The NFL correctly points out that member clubs must cooperate in a variety of ways, and may do so lawfully, in order to make the football league a success. See United States Football League v. National Football League, 842 F.2d 1335, 1372 (2d Cir.1988); Los Angeles Memorial Coliseum Comm’n v. National Football League, 726 F.2d 1381, 1391-92 (9th Cir.), cert. denied, 469 U.S. 990, 105 S.Ct. 397, 83 L.Ed.2d 331 (1984) (hereinafter “L.A Coliseum”), North American Soccer League v. National Football League, 670 F.2d 1249, 1251 (2d Cir.), cert. denied, 459 U.S. 1074, 103 S.Ct. 499, 74 *1098 L.Ed.2d 639 (1982) (hereinafter “NASL”). On the other hand, it is well established that NFL clubs also compete with each other, both on and off the field, for things like fan support, players, coaches, ticket sales, local broadcast revenues, and the sale of team paraphernalia. Mid-South Grizzlies v. National Football League, 720 F.2d 772, 786-87 (3d Cir.1983), cert. denied, 467 U.S. 1215, 104 S.Ct. 2657, 81 L.Ed.2d 364 (1984); L.A. Coliseum, 726 F.2d at 1390, 1393, 1395, 1397. The question of whether competition exists between NFL teams for sale of their ownership interests, such that the NFL’s ownership policy injures this competition, is ultimately a question of fact. The NFL would have us find, however, that, as a matter of law, NFL teams do not compete against each other for the sale of their ownership interests. We decline to make such a finding.

The NFL relies on a series of eases which allegedly stand for the “well established” rule that a professional sports league’s restrictions on who may join the league or acquire an interest in a member club do not give rise to a claim under the antitrust laws. Seattle Totems Hockey Club, Inc. v. National Hockey League, 783 F.2d 1347 (9th Cir.), cert. denied, 479 U.S. 932, 107 S.Ct. 405, 93 L.Ed.2d 357 (1986); Fishman v. Estate of Wirtz, 807 F.2d 520 (7th Cir.1986); Mid-South Grizzlies, 720 F.2d at 772; Levin v. National Basketball Ass’n, 385 F.Supp. 149 (S.D.N.Y.1974). These cases, all involving a professional sport’s league’s refusal to approve individual transfers of team ownership or the creation of new teams, do not stand for the broad proposition that no NFL ownership policy can injure competition. See, e.g., NASL, 670 F.2d at 1259-61 (finding that the NFL’s policy against cross-ownership of NFL teams and franchises in competing sports leagues, which also effectively barred certain owners who owned other sports franchises from purchasing NFL teams, injured competition between the NFL and competing sports leagues and thus violated § 1 of the Sherman Act).

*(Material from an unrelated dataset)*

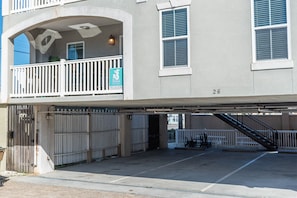 Covered Parking - Parking for two cars. Cars park behind each other. There is a height limit . The stairs and elevator are right by the parking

None of the cases cited by the NFL considered the particular relevant market that was found by the jury in this case or a league policy against public ownership. Seattle Totems and Mid-South Grizzlies considered potential mier-league competition when a sports league rejected plaintiffs’ applications for new league franchises. Seattle Totems, 783 F.2d at 1349-50; Mid-South Grizzlies, 720 F.2d at 785-86. Those decisions found no injury to competition because the plaintiffs were not competing with the defendant sports leagues, but rather, were seeking to join those leagues. Seattle Totems, 783 F.2d at 1350; Mid-South Grizzlies, 720 F.2d at 785-86. Mid-South Grizzlies left open the possibility that potential ráíra-league competition between NFL football clubs could be harmed by the NFL’s action, but found that the plaintiff in that case had not presented sufficient evidence of harm to such competition. Mid-South Grizzlies, 720 F.2d at 786-87.

The Fishman and Levin cases concerned the National Basketball Association’s (“N.B.A.”) rejection of plaintiffs’ attempts to buy an existing team. Fishman, 807 F.2d at 525-31; Levin, 385 F.Supp. at 150-51. Those cases also based their finding that there was no injury to competition on the fact that the plaintiffs were seeking to join with, rather than compete against, the N.B.A. Fishman, 807 F.2d at 544; Levin, 385 F.Supp. at 152. Neither ease considered whether competition between teams for investment capital was injured. As pointed out in Piazza v. Major League Baseball, 831 F.Supp. 420 (E.D.Pa.1993), Fishman explicitly recognized the potential for competition in the market for ownership of teams, although the plaintiff had failed to raise the issue, and Levin simply presumed, incorrectly, that there could never be any competition among league members. Piazza, 831 F.Supp. at 430-31 & n. 16 (citing Fishman, 807 F.2d at 532 n. 9; and Levin, 385 F.Supp. at 152).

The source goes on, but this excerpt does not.